POV: Isolde Sterling
My apartment in Kensington was usually my sanctuary. Tonight, it felt like a cage.
I paced the living room, still in my engagement dress, clutching a glass of cold water. My mind was a chaotic storm.
Julian.
He was alive. And god, he was different. The Julian of five years ago was a scholar, a gentle man who quoted poetry and played the cello. This man? This man was war personified.
The way he moved-fluid, lethal. The way he looked at me-like he wanted to devour me whole. I should be terrified. I should be calling the police or Harrison.
Instead, I was... wet.
The realization made me flush with shame. I was engaged to his brother. But the memory of Julian's rough lips on my knuckles, the sheer power radiating off him, woke something primal in me. My body ached with a sudden, sharp longing.
I needed to get out of this dress.
I walked into my bedroom and reached back to undo the clasp. It was jammed. My hands were shaking too much.

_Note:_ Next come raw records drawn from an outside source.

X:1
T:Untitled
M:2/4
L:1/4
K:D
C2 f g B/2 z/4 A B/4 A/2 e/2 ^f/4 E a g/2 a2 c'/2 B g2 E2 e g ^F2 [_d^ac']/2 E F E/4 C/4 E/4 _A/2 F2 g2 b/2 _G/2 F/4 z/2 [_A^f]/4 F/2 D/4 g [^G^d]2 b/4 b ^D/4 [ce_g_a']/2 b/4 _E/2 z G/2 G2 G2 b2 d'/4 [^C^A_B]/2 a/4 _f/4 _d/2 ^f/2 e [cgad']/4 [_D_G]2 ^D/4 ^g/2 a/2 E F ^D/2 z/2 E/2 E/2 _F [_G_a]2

"Damn it," I hissed, struggling with the zipper.
"Allow me."
I spun around, a scream dying in my throat.
Julian was sitting in my velvet armchair, in the dark corner of my bedroom. He had bypassed my security system-state-of-the-art biometrics-as if it were a child's toy.
He had ditched the tie. His shirt was unbuttoned at the top, exposing the hollow of his throat and a hint of a dark tattoo peeking out from his collarbone. He held a cigarette, unlit, rolling it between his long fingers.

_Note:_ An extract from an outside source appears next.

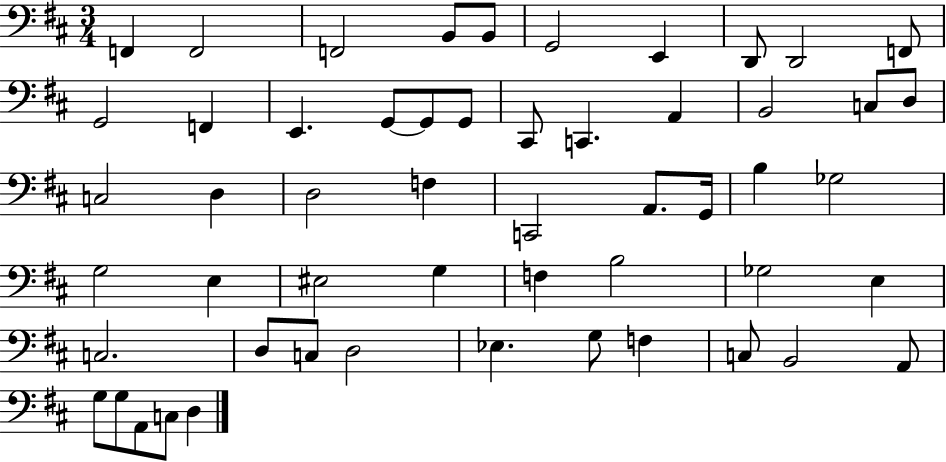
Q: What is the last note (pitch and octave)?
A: D3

"How did you get in?" I demanded, trying to sound imperious, though my heart was hammering against my ribs like a trapped bird.

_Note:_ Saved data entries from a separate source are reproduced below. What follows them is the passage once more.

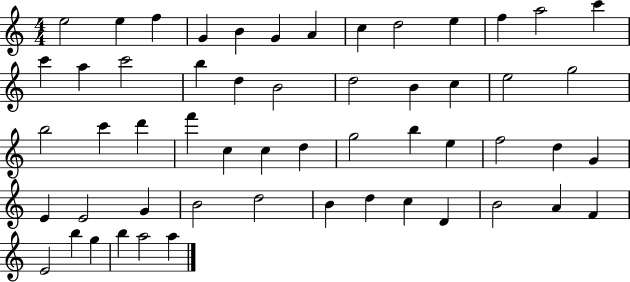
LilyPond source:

{
  \clef treble
  \numericTimeSignature
  \time 4/4
  \key c \major
  e''2 e''4 f''4 | g'4 b'4 g'4 a'4 | c''4 d''2 e''4 | f''4 a''2 c'''4 | \break c'''4 a''4 c'''2 | b''4 d''4 b'2 | d''2 b'4 c''4 | e''2 g''2 | \break b''2 c'''4 d'''4 | f'''4 c''4 c''4 d''4 | g''2 b''4 e''4 | f''2 d''4 g'4 | \break e'4 e'2 g'4 | b'2 d''2 | b'4 d''4 c''4 d'4 | b'2 a'4 f'4 | \break e'2 b''4 g''4 | b''4 a''2 a''4 | \bar "|."
}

"I have my ways," he said smoothly. He stood up. The room suddenly felt very small.
He walked toward me, slow and deliberate. He stopped inches away, his heat enveloping me. He smelled of rain, whiskey, and danger.
"Turn around, Isolde," he commanded. It wasn't a request.
My body obeyed before my mind could protest. I turned my back to him, exposing my vulnerable spine to the man who had just risen from the dead.
I felt his fingers brush against my bare skin. They were calloused, rough. The contrast against the smooth silk and my soft skin was maddening. I gasped, my head falling forward.
"You're tense," he murmured, his breath hot against the nape of my neck.
"You broke into my house, Julian."
"I came to collect what's mine."
He found the jammed zipper. But he didn't pull it down immediately. He traced the line of my spine with his thumb, applying just enough pressure to make my knees weak.
"Harrison doesn't know how to touch you," Julian whispered, his voice dark and velvety. "He touches you like you're porcelain. Breakable."
He gripped my hips with both hands, pulling me back against his hard chest. I could feel the wall of muscle behind me, solid and unyielding.
"I know you're not glass, Isolde," he growled against my ear, sending shivers down my legs. "You're steel wrapped in silk. And I'm the only one strong enough to bend you."
Zip.
The sound was loud in the quiet room. The dress loosened, sliding off my shoulders, pooling at my waist, held up only by the friction of my hips.
I was exposed. Vulnerable. And I had never felt more alive.
"Why are you here, Julian?" I whispered, trembling.
He spun me around, his eyes locking onto mine. The blue fire in them was roaring now.
"To start a war," he said. "And to ask you a question."
"What question?"
"When I burn Harrison's world to ash..." his hand slid up my bare arm to cup my neck, his thumb grazing my pulse. "Will you be standing by him? Or will you be ruling beside me?"